What is Debt Settlement and How Does it Work?

Debt settlement helps you reduce debt by paying a fraction of your total balance. Learn more about how it works, its impact on your credit score, and its risks.

This article contains general information and is not intended to provide information that is specific to American Express products and services. Similar products and services offered by different companies will have different features and you should always read about product details before acquiring any financial product.

At-A-Glance

Debt settlement is a way for consumers to reduce debt by paying a fraction of their total balance. Consumers can use a debt settlement company, or negotiate directly with their creditor. Debt settlement will almost always have a negative impact on your credit score.
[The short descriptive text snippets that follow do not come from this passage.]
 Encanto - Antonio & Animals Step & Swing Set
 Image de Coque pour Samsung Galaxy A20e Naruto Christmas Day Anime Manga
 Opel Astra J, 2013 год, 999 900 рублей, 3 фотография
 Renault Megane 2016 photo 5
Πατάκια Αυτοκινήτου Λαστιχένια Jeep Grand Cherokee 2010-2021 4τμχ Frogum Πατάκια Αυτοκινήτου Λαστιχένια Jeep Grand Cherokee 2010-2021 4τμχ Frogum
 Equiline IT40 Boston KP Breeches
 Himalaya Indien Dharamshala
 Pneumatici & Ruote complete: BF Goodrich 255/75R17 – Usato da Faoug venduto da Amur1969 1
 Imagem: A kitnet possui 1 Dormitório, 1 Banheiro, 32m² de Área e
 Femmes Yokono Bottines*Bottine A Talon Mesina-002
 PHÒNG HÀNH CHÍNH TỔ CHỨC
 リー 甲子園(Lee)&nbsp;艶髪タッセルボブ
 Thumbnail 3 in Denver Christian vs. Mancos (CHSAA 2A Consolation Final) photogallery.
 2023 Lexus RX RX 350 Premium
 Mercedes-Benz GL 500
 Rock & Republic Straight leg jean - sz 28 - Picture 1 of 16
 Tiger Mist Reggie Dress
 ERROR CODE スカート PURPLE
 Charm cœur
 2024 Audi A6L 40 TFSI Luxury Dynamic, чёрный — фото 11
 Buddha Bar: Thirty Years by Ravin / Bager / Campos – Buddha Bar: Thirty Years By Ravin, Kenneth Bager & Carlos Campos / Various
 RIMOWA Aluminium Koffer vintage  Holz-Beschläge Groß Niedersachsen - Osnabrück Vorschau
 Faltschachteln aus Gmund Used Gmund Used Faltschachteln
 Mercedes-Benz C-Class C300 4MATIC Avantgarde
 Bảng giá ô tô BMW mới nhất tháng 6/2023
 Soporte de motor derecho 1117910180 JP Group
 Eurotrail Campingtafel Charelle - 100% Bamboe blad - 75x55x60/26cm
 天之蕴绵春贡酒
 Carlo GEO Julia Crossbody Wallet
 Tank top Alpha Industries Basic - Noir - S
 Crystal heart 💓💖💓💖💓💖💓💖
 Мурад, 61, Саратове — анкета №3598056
The number of Americans having a hard time keeping up with debt payments is increasing, according to a 2023 report by the Federal Reserve Bank of New York. 1 Moreover, the trend appears to be growing faster for those in their 20s: the same report found that nearly 9% of credit card balances for people aged 18-29 were seriously delinquent (90+ days) as of the first quarter of 2023. 1 This trend can be particularly troubling for young people, since credit score damage from delinquencies can make it harder to take out mortgages or other loans in the future. But there are many ways young Americans can start managing their debt. One option is debt settlement—though it comes with risks.

What is Debt Settlement?

Debt settlement is a debt reduction method in which the credit issuer allows a person to pay off their debt for less than the original balance owed, typically in the form of a lump-sum. 2,3 How much a creditor will settle for depends on several factors, including your overall balance and financial situation. But a creditor won’t likely accept a debt settlement if they believe you could pay the full amount—otherwise, why would they settle for less? In other words, a creditor is only likely to approve a debt settlement proposal if they fear you may not be able to pay the balance at all.3 3,4

Using a ‘Professional’ Debt Settlement Company vs Doing it Yourself

A debt settlement or debt relief company will attempt to negotiate with your creditors to accept a lump-sum payment for less than your original balance. To build that lump sum, you’ll probably have to make monthly deposits into a savings account held by the debt settlement company. Meanwhile, they’ll likely advise you to stop paying your creditors to improve the chance of your settlement being approved—a high-risk move that could have negative consequences. Debt settlement companies might seem like the easy way out, but experts say they’re not always a good idea. According to the U.S. Consumer Financial Protection Bureau (CFPB), debt settlement programs are notorious for offering unsound financial advice, being expensive, and risky. 4 What’s more, the Federal Trade Commission (FTC) says many consumers drop out of debt settlement programs without settling their debts. 5 For more information about debt settlement companies, see “Are Debt Relief Programs Too Good to Be True?” Arranging a do-it-yourself debt settlement with a creditor might take a little bit more time and effort, but it’s also less risky and you won’t have to pay for someone else’s services—and that savings can make a big difference if you’re deep in debt. But still, there’s no guarantee that your debt settlement will be approved. If all else fails, you can try to arrange a modified payment plan to reduce your monthly payments.